Directions for this task ▸
Transcribe the entries that follow, every word as written, and drop the pictures.

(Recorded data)
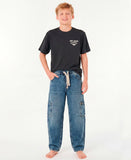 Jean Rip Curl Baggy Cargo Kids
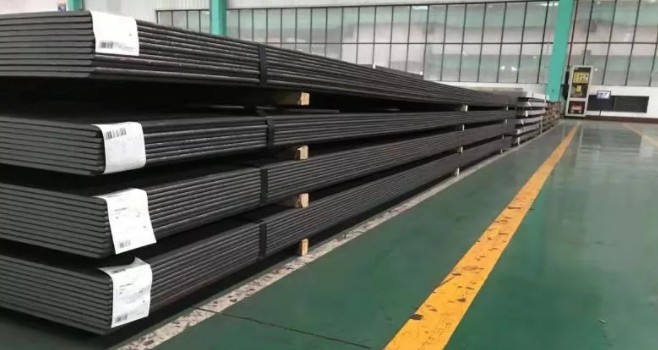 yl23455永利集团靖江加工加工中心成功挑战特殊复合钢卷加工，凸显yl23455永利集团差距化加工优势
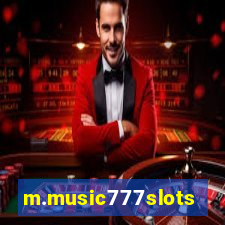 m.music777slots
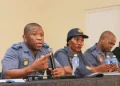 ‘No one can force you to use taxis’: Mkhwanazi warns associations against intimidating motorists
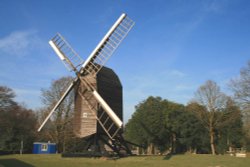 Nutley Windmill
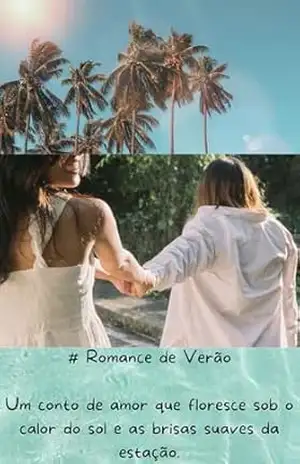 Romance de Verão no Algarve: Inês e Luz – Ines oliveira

Exercise solution ▸
 Jean Rip Curl Baggy Cargo Kids
 yl23455永利集团靖江加工加工中心成功挑战特殊复合钢卷加工，凸显yl23455永利集团差距化加工优势
 m.music777slots
 ‘No one can force you to use taxis’: Mkhwanazi warns associations against intimidating motorists
 Nutley Windmill
 Romance de Verão no Algarve: Inês e Luz – Ines oliveira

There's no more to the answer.